● **Activity**
Shown below are entries with pictures; the line with "Napoleon Cake on a white plate isolated" through the line with "Mayafi Shawl Wrap - Red & Green" is the span to retype exactly, and the pictures stay out.
[Opening Materials provided section]
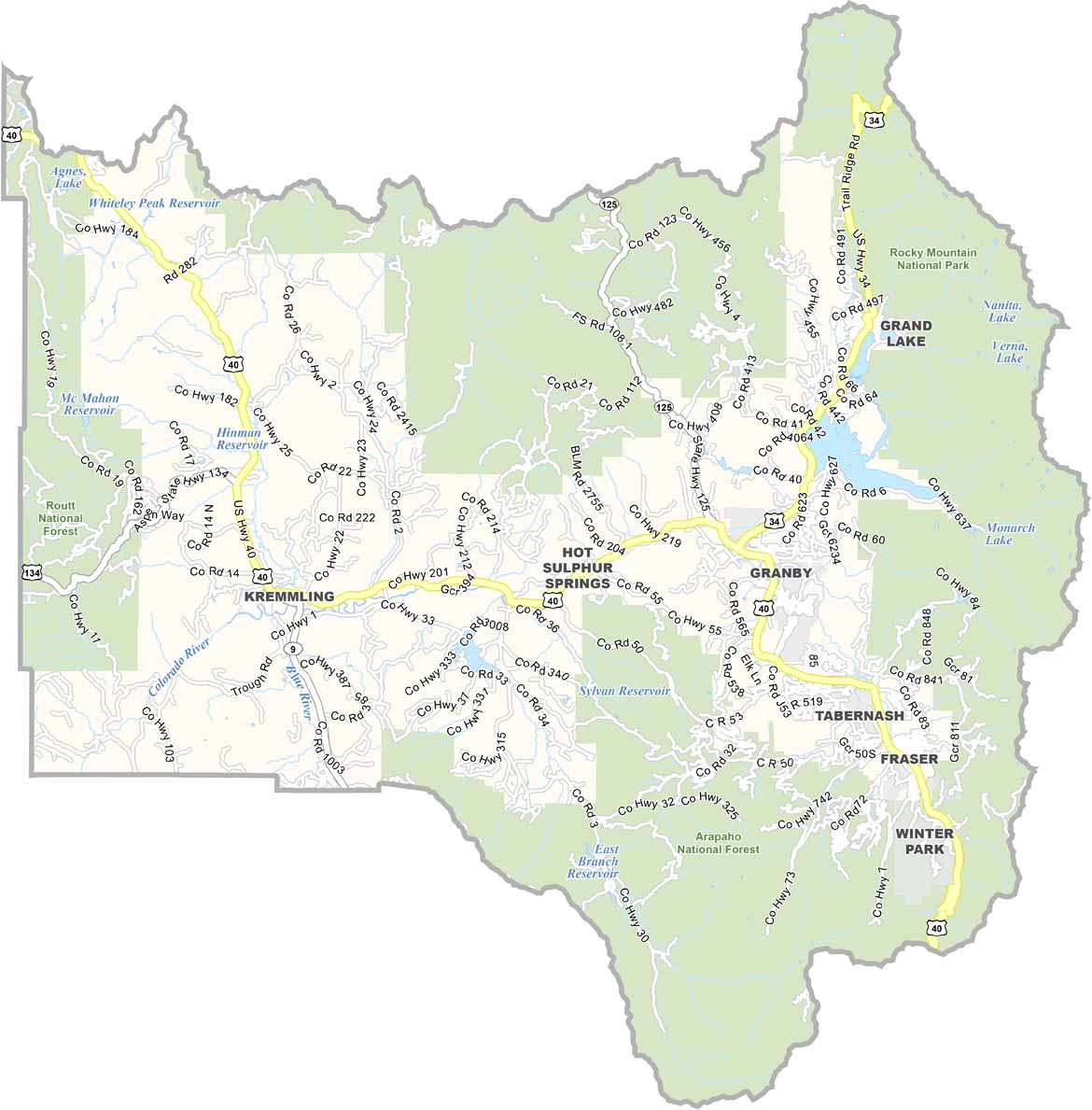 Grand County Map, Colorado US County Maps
[Closing Materials provided section]
[Opening Materials provided section]
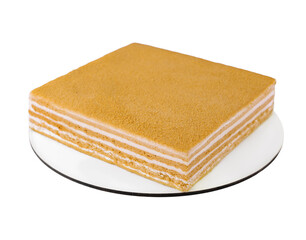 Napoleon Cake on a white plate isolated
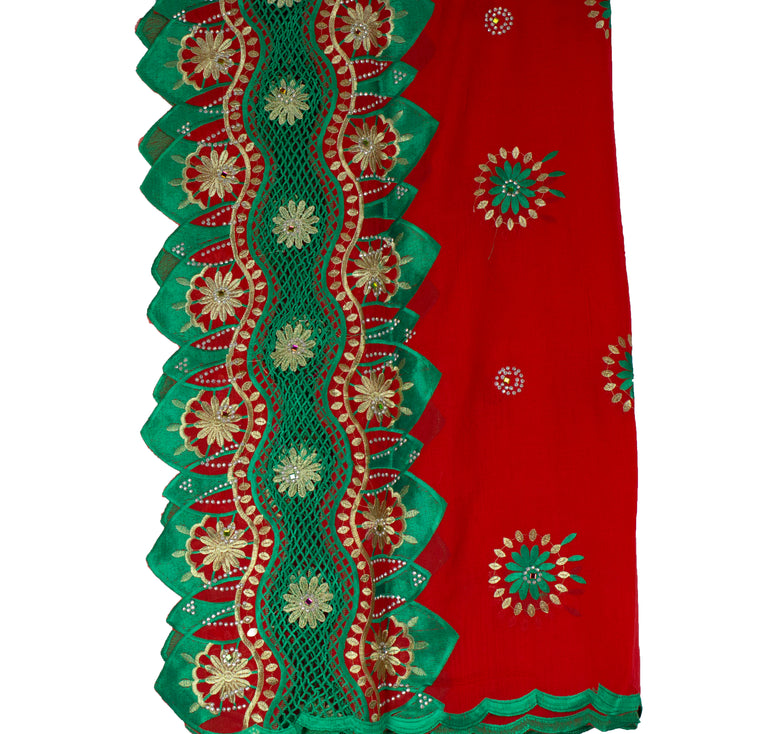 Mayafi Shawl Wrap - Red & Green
[Closing Materials provided section]
● **Task answer**
 Napoleon Cake on a white plate isolated
 Mayafi Shawl Wrap - Red & Green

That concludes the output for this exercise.